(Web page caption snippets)

------

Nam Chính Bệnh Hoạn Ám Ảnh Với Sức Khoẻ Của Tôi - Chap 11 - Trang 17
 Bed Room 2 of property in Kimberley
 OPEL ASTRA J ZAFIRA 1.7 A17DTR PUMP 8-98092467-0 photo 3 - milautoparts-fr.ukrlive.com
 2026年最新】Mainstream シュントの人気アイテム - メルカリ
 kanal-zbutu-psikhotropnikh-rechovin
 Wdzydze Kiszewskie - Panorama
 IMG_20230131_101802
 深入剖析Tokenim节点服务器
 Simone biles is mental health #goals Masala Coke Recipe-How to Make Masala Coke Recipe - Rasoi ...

------

Give the records above again in full, keeping every character unchanged.

Task answer —
Nam Chính Bệnh Hoạn Ám Ảnh Với Sức Khoẻ Của Tôi - Chap 11 - Trang 17
 Bed Room 2 of property in Kimberley
 OPEL ASTRA J ZAFIRA 1.7 A17DTR PUMP 8-98092467-0 photo 3 - milautoparts-fr.ukrlive.com
 2026年最新】Mainstream シュントの人気アイテム - メルカリ
 kanal-zbutu-psikhotropnikh-rechovin
 Wdzydze Kiszewskie - Panorama
 IMG_20230131_101802
 深入剖析Tokenim节点服务器
 Simone biles is mental health #goals Masala Coke Recipe-How to Make Masala Coke Recipe - Rasoi ...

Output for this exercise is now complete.